KAI: Jaki obraz młodzieży wyłania się z tych badań?
- Współczesna młodzież to nie jest pokolenie rewolucjonistów. Nie chcą zmieniać kraju ani społeczeństwa. To jest pokolenie skoncentrowane na sobie i swoim rozwoju. Liczy się zdobycie wykształcenia, zawodu, zarabianie pieniędzy i ewentualnie potem założenie rodziny. Ten spadek rodziny na czwarte miejsce jest niepokojący.
KAI: Gimnazjaliści postrzegają to inaczej niż licealiści?
- Nie ma szalonych różnic. Choć gimnazjaliści cechują się większą szczerością, są bardziej autentyczni. Licealiści wiedzą już co „wypada” odpowiedzieć, są politycznie poprawni.
KAI: Jak Ksiądz sądzi, skąd takie przewartościowanie – do tej pory młodzież deklarowała założenie rodziny jako jedno z pierwszych celów życiowych.
- Być może to pewien sygnał rozczarowania młodych ludzi. Czują się pozostawieni samym sobie – przez opiekunów, nauczycieli, społeczeństwo. Widzą, że nikt się nimi nie zajmuje, więc postanawiają zadbać samodzielnie o swoją przyszłość. Ja nazywam to pokolenie pokoleniem bez skrzydeł. Nie czekają na wielkie sprawy, nie angażują się społecznie, nie chcą niczego zmieniać.
Z drugiej strony zaskakujące jest to, co młodzieży sprawia największą radość – nie komputer i media, które są na drugim miejscu, ale spotkania z drugim człowiekiem. Dla wielu najważniejsze są spotkania z rodzicami. To pokazuje głód relacji, którego nie może zaspokoić wirtualny świat. Młodzi domagają się relacji z drugim człowiekiem, tego nikt im nie zastąpi.
Ta młodzież jest też krytyczna wobec samej siebie. Sami o sobie piszą – jesteśmy niedojrzali i definiują tą niedojrzałość jako głupotę, infantylizm, brak kultury osobistej, wulgaryzmy. Widzą, że złe jest używanie narkotyków i używek. Ich ocena siebie samych jest negatywna. To jest jakieś wołanie o pomoc do nauczycieli i rodziców, sami się z tego nie dźwigną. Dziś autorytety wychowawcze schowały głowy w piasek, usprawiedliwiając się tym, że każdy ma swoje prawa, nie można niczego wymagać. A młodzi mówią: zechciejcie być rodzicami i nauczycielami.

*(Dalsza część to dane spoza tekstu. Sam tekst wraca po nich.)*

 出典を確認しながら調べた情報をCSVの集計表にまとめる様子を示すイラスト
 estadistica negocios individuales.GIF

- Nadal najbliższa rodzina a następnie ludzie mediów. Mimo słabej kondycji współczesnej rodziny, młodzi nadal szukają autorytetów w swoim najbliższym otoczeniu.
KAI: A co jest największym problemem młodzieży?

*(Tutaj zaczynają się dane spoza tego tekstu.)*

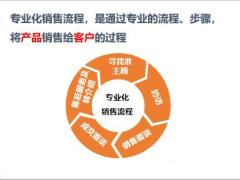 五步搞定准增员含备注23页.pptx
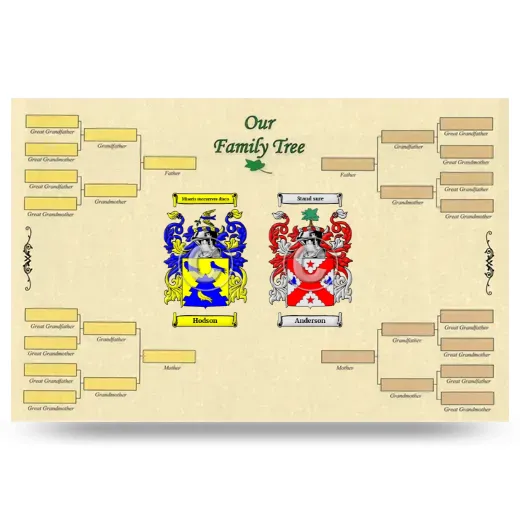 Record Your Own Family Tree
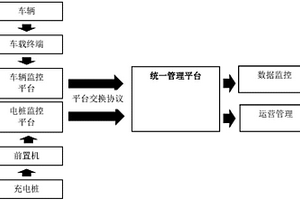 用于新能源汽车服务与管理的系统及其服务与管理方法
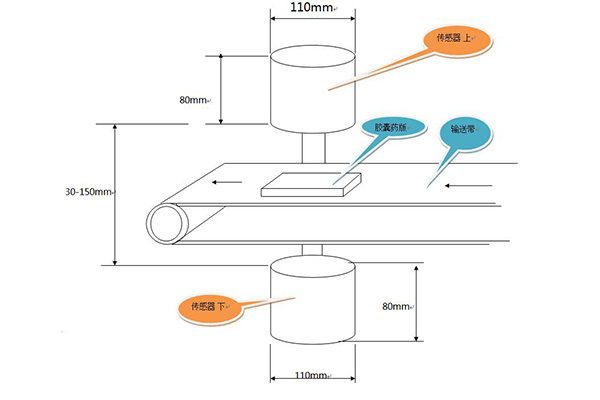 主视图(侧视输送带) 主视图(侧视输送带)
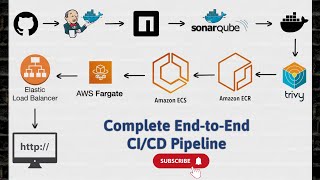 Complete CICD Pipeline  Jenkins Container SonarQube Container Docker Trivy AWS ECR ECS amp ALB [upl. by Jessalyn]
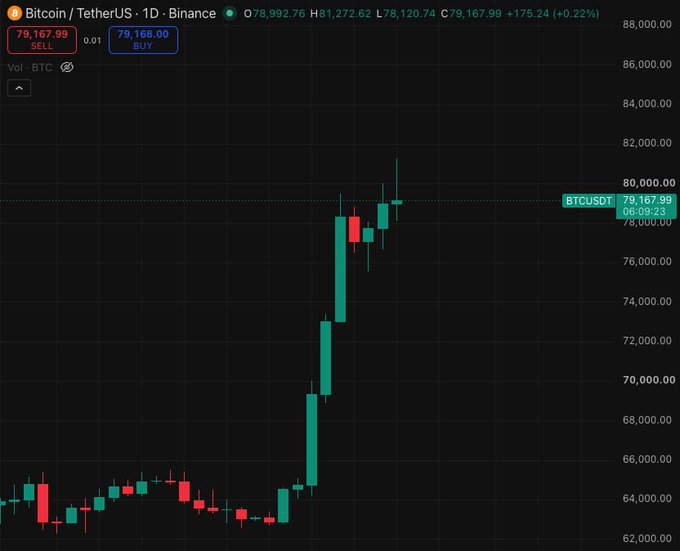 A Binance daily chart for BTCUSDT shows Bitcoin trading at $79,167.99, up 0.22%, with recent bullish candles rallying from the $62,000 range toward the key $80,000 resistance level highlighted in the post.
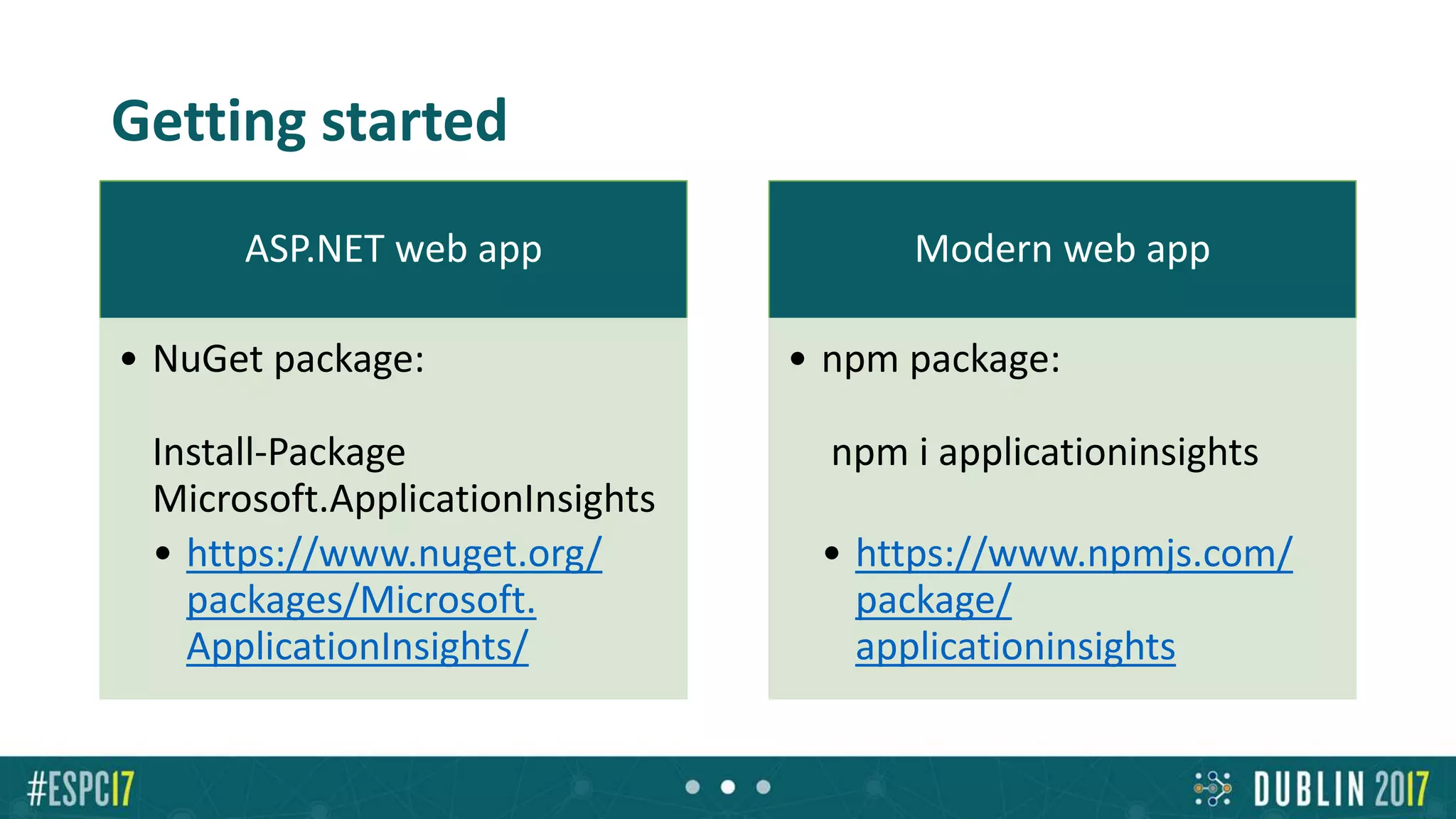 Getting started
ASP.NET web app
• NuGet package:
Install-Package
Microsoft.ApplicationInsights
• https://www.nuget.org/
packages/Microsoft.
ApplicationInsights/
Modern web app
• npm package:
npm i applicationinsights
• https://www.npmjs.com/
package/
applicationinsights
 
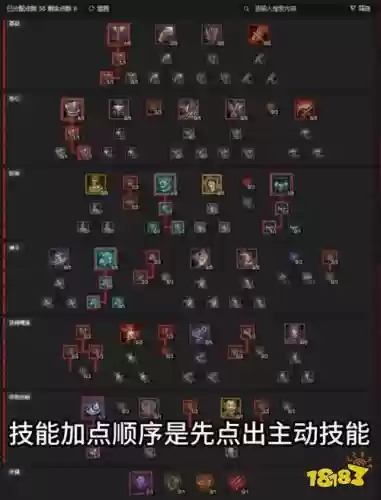 高级旋风斩技能升级插图1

- Zdecydowanie obowiązki szkolne. Młodzi skarżą się, że mają problemy w nauce, przeszkadza im zachowanie kolegów, mają zły kontakt z rodzicami. Szkoła nie daje młodym wiatru w skrzydła. Opracowując nowe programy i podręczniki warto zadać sobie pytanie ile w nich jest człowieka.
KAI: A co z moralnymi wzorcami?
- Pytałem o przykazania Boże. Ponad 40 proc. licealistów i ponad 50 proc. gimnazjalistów deklaruje, że stosuje się do Dekalogu, choć nie do wszystkich przykazań. Zdarzały się odpowiedzi – „jestem niewierzący, ale Dekalog nie jest taki głupi, warto się do niego odwoływać”. 19 proc. nie odwołuje się wcale do przykazań. Widać jednak, że dla tego pokolenia autorytet rodziców i prawo moralne to drogowskazy na życie.

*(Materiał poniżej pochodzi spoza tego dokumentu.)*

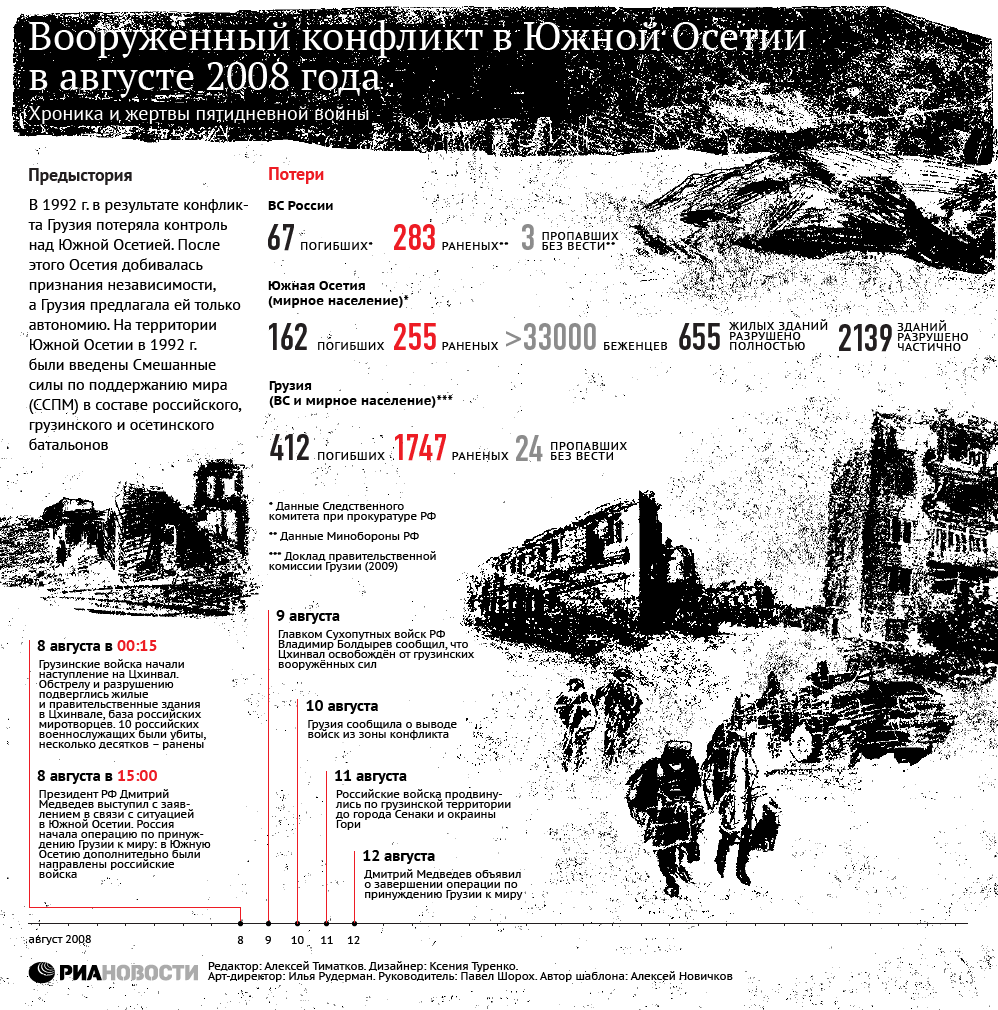 Вооруженный конфликт в Южной Осетии в августе 2008 года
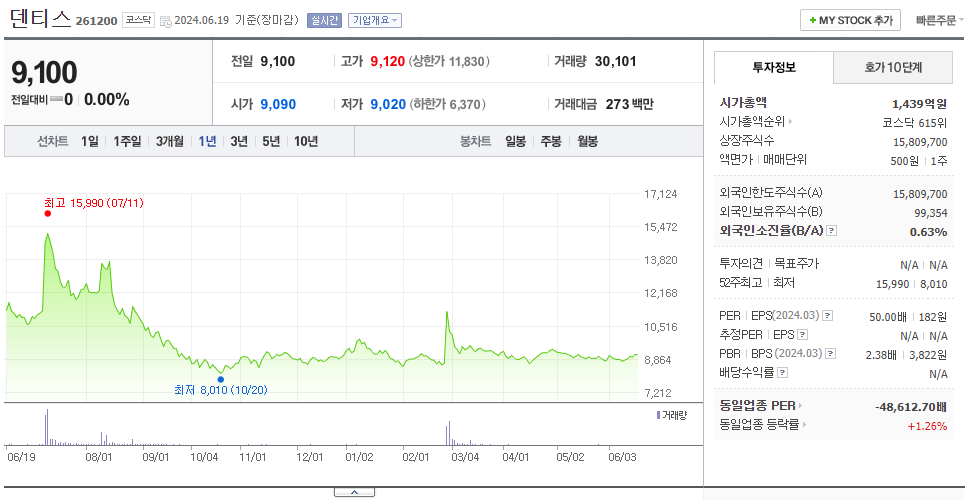 덴티스_주가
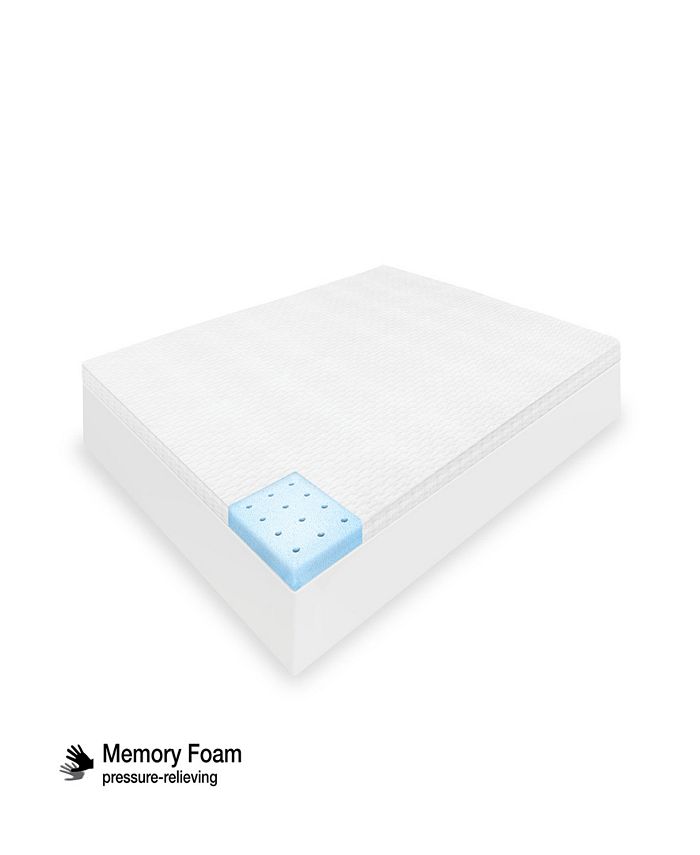 SensorPEDIC 2Inch Majestic Ventilated Memory Foam Mattress Topper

Widać w młodych głód miłości, rodzice nie mają dla nich czasu. Brakuje im pedagogów, którzy swoją tożsamością mogliby im imponować. Współcześnie gubimy tożsamość ojca i matki i tożsamość nauczyciela. Produkujemy nowe podręczniki a gubimy człowieka.
Z moich obserwacji wynika, że współcześnie okres młodości wydłużył się znacznie – trwa do 11-12 roku życia aż po 30-stkę. W tym czasie człowiek zdąża doświadczyć wszystkiego – wszelkiego rodzaju relacji seksualnych, narkotyków, alkoholu. I wszystko mu się nudzi, zaczyna tęsknić za pięknem, za normalnością. Z jednej więc strony duchowni powinni zwrócić szczególną uwagę na 30-stolatków, którzy chcą zacząć wszystko od nowa, z drugiej strony trzeba mówić już 11-12-letnim młodym ludziom o konsekwencjach ich wyborów.